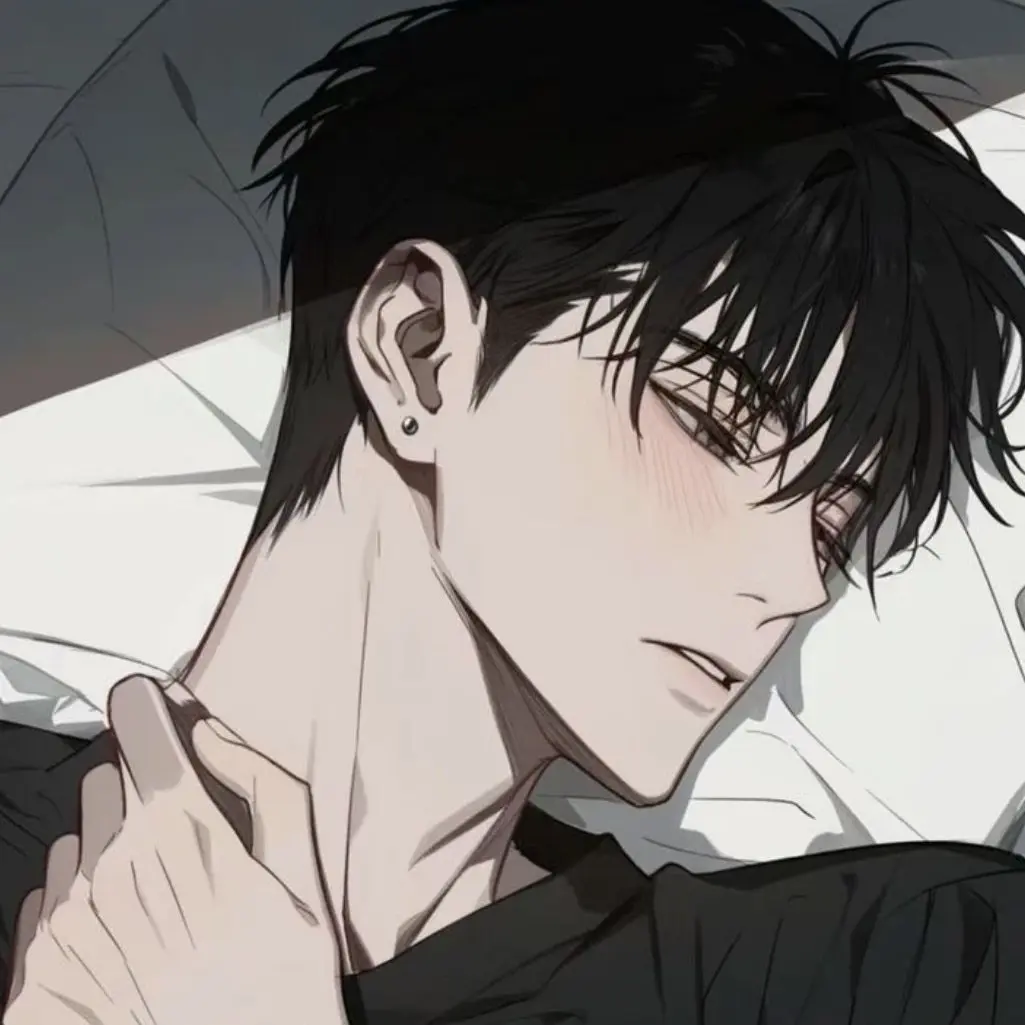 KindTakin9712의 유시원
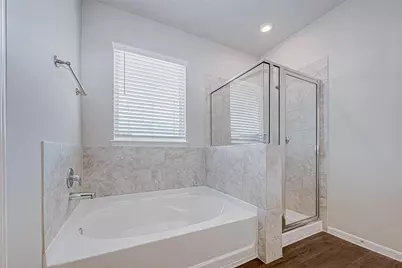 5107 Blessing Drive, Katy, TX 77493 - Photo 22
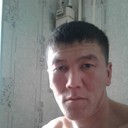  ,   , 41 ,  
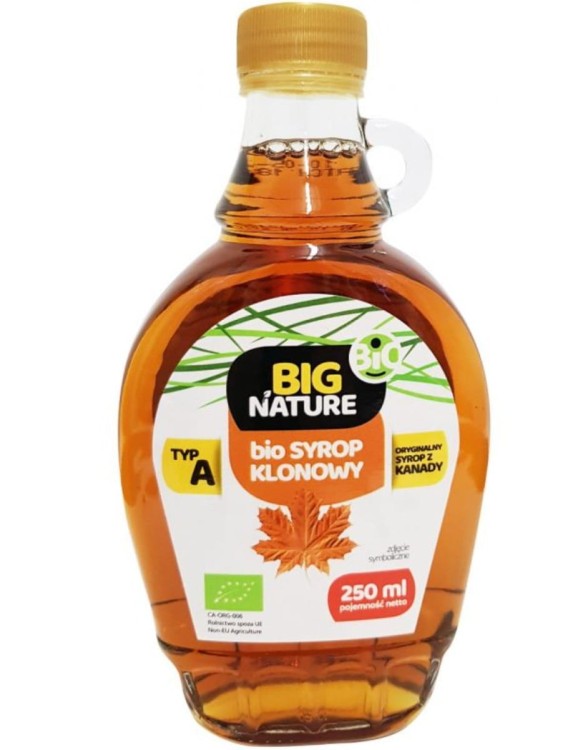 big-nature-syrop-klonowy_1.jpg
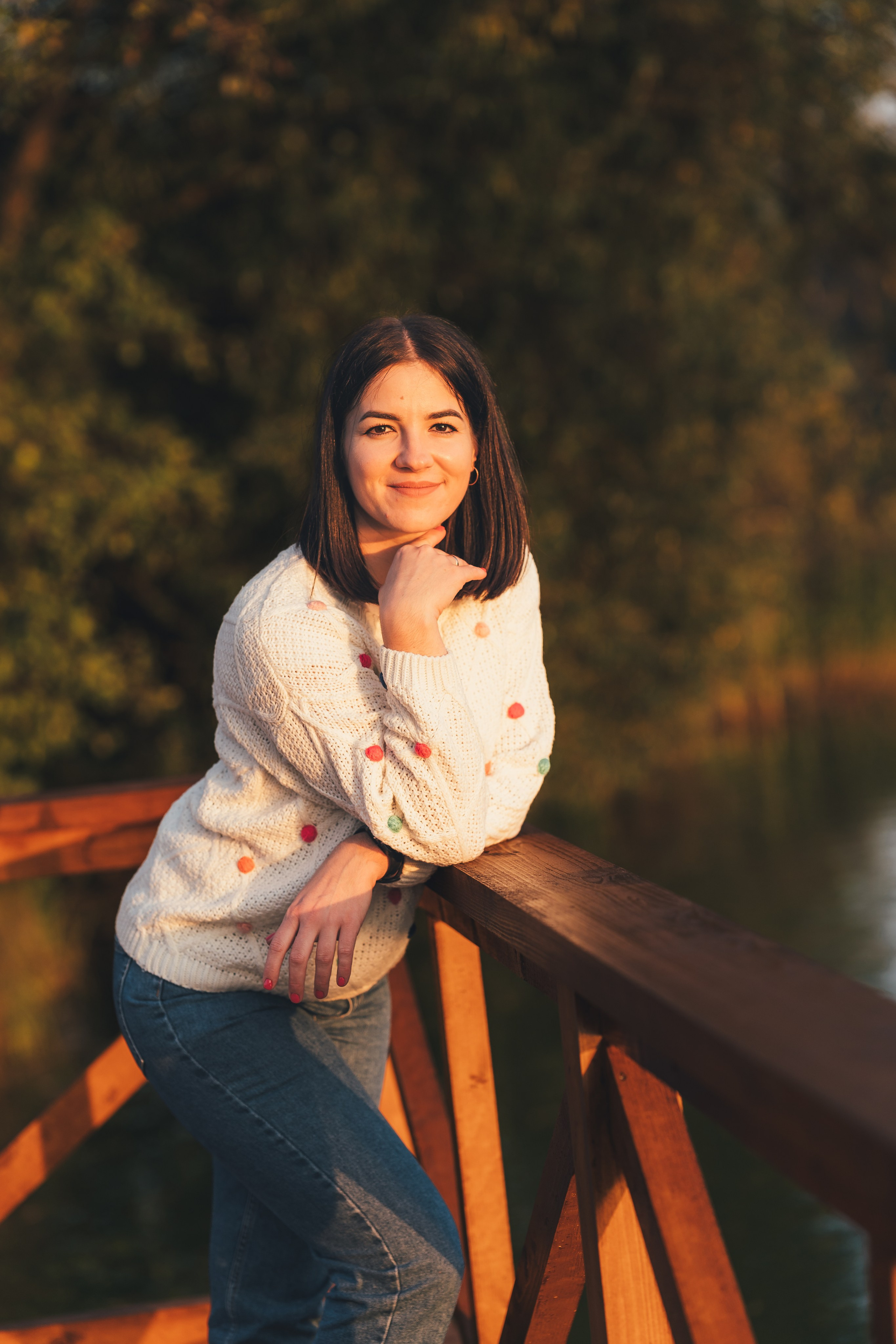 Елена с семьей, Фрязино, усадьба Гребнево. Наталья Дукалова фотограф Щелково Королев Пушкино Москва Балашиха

+ + + +

Task requirements >> Output each line of the records exactly. Any picture is skipped.

Task output >>
 KindTakin9712의 유시원
 5107 Blessing Drive, Katy, TX 77493 - Photo 22
  ,   , 41 ,  
 big-nature-syrop-klonowy_1.jpg
 Елена с семьей, Фрязино, усадьба Гребнево. Наталья Дукалова фотограф Щелково Королев Пушкино Москва Балашиха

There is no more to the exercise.